Answer: a. 0 ≤ t ≤ 4.25
Step-by-step explanation: To determine the practical domain in this situation, we need to consider the physical constraints of the problem. The practical domain refers to the range of values for the independent variable, t, that makes sense in the given context.
In this case, since we are modeling the height of a ball kicked upward, time (t) cannot be negative because it represents the duration since the ball was kicked.
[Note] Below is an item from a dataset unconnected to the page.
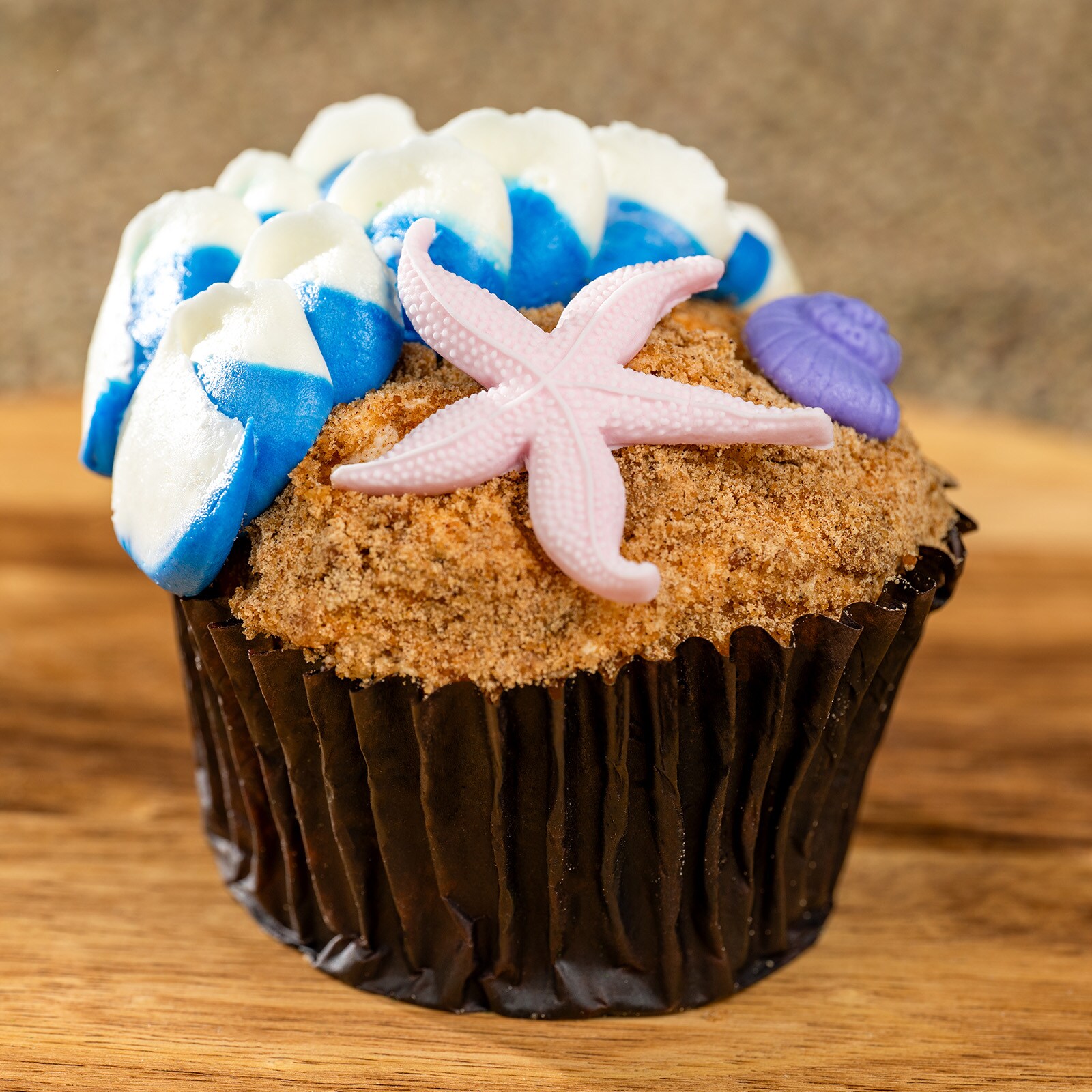 Pua Aloalo Cupcake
Therefore, the value of t must be non-negative.
Additionally, to find the time it takes for the ball to reach its maximum height and fall back to the ground, we can set the equation h = 0 and solve for t.
Using the given equation: h = -16t^2 + 68t
0 = -16t^2 + 68t
Dividing the equation by 4 gives us:
0 = -4t^2 + 17t
Factoring out t, we get:
0 = t(-4t + 17)
From this equation, we can see that one solution is t = 0, which represents the starting point when the ball is kicked.
The other solution is obtained when -4t + 17 = 0:
4t = 17
t = 17/4
t = 4.25
Therefore, the ball reaches the ground again at t = 4.25 seconds.
Considering the physical context, we can conclude that the practical domain for this situation is:
0 ≤ t ≤ 4.25
This corresponds to option (a) 0 ≤ t ≤ 4.25.